For a document that self-advertises as “the most substantial and ambitious approach to Defence … since the second World War”, the Defence Strategic Review (DSR) is neither.

It delivers a narrative of sorts that is propositional, imperative (the word “must” appears 157 times) and acceptable to the government. The fact that its 62 recommendations are either agreed or agreed-in-principle must set a record for reviews and inquiries – a bespoke review tailored to meet a political need perhaps.

The lack of supporting argument for the propositions advanced is a sure sign of haste. The most demanding and expensive capability acquisition in Australia’s defence history – nuclear-powered submarines – is unsupported by the detailed argument and justification that should distinguish serious defence planning documents. There are sound albeit debatable arguments for nuclear propulsion for Australia’s submarine force.
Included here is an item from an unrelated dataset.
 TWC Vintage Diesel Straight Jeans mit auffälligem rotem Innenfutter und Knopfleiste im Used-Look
But if those arguments are incapable of articulation, the Australian taxpayer is being taken for a ride.

Those with any serious exposure to the evolution of Australian defence planning know that the 1976 Defence White Paper, substantially written by Bill Pritchett (subsequently Defence secretary) and Bob Hamilton (subsequently head of the Strategic and International Policy division), and the 1987 Defence White Paper, substantially written by Paul Dibb (subsequently Professor of Strategic Studies at the ANU), provided the Fraser and Hawke governments with policy platforms that re-legitimised Australia’s alliance with the US and our national defence effort and expenditure after the disaster of the Vietnam War.
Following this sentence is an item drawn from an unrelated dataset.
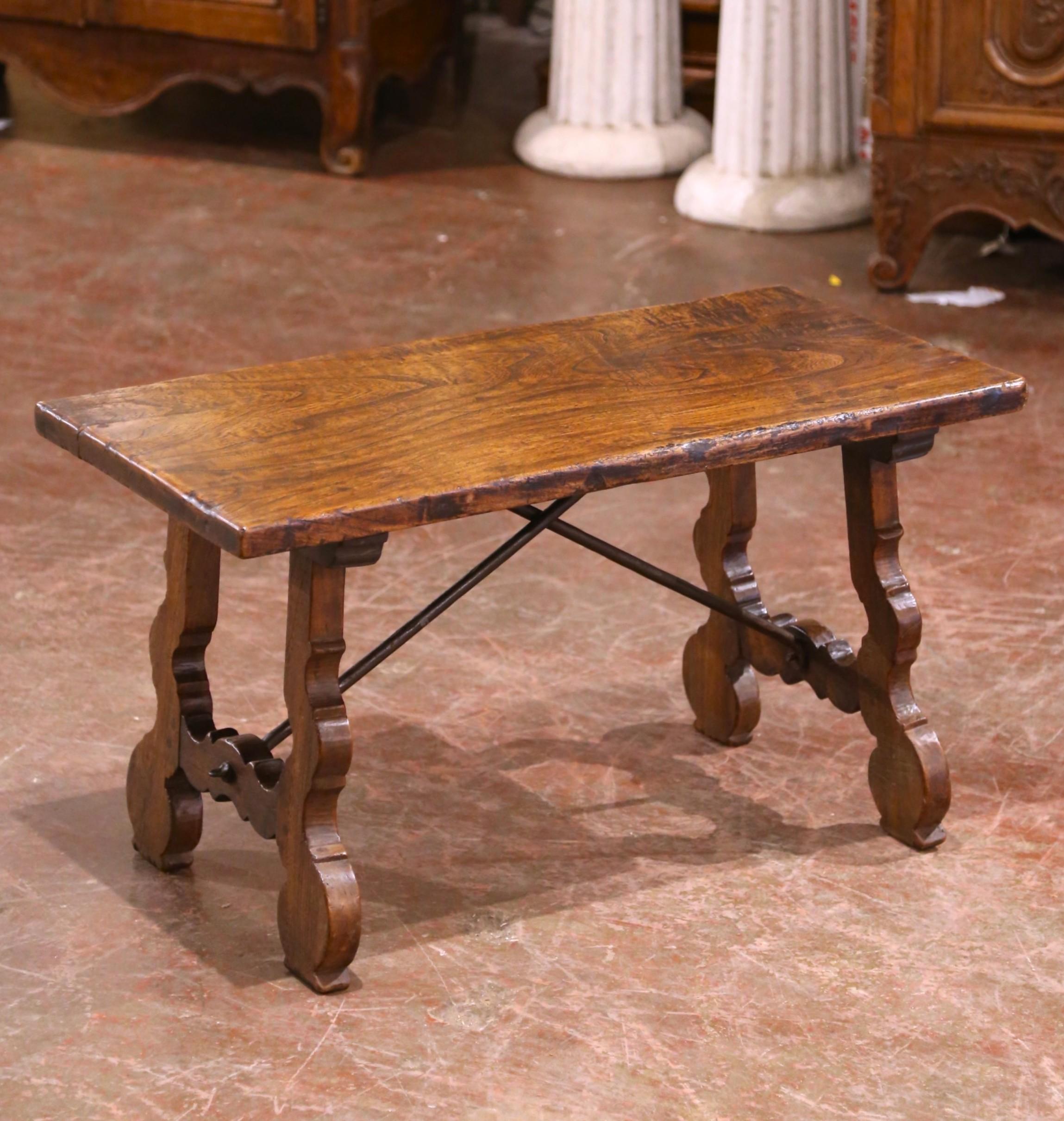 Mesa baja española del siglo XIX de castaño tallado con camilla de hierro Tallado a mano en venta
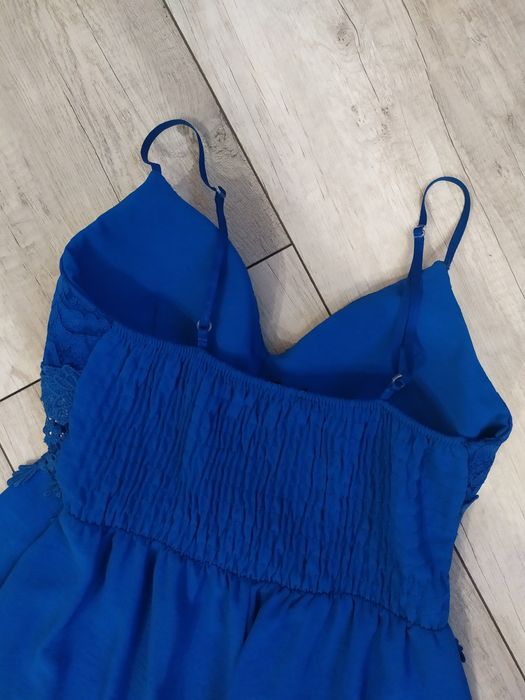 Sukienka koktajlowa, asymetryczna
The work initiated by Kim Beazley that culminated in the Dibb Review in 1986 was a particular watershed. It premised the national defence effort on two key planning principles: the objective characteristics of armed conflict that involve space, time, distance, physical geography, force capability and determined leadership, regardless of what the threat might be; and the ongoing assessment of strategic risk (as distinct from specific threat). “Credible contingencies” – a concept ignored in the current document – provided both a justification for significant defence expenditures and a brake on enthusiasm.

Importantly, Beazley’s legacy was a coherent logic that underpinned both strategic policy making and force capability planning. This legacy has sustained the national defence enterprise for almost four decades.

Now, however, it is found wanting, ostensibly because China threatens the region and, consequently, Australia. So the DSR recommends a renewed “statecraft” – advocated by Morton Kaplan back in the 1950s – apparently oblivious to the fact that Australia has a significant record in realising its security interests in the Indo-Pacific. Beazley and his Foreign Minister counterpart Gareth Evans took parallel policy reviews to Cabinet at the end of 1989 precisely to further that end. Statecraft is the product of integrated planning and action, not lone-ranger moralising for the benefit of other key agencies.

The DSR sets itself the task of going back to fundamentals and taking a “first-principles” approach to avoiding major conflict in the region.

A statement of the fundamentals of defence planning and identification of first principles would be an important contribution to ongoing policy development. Sadly, the review provides neither. It fails its first test.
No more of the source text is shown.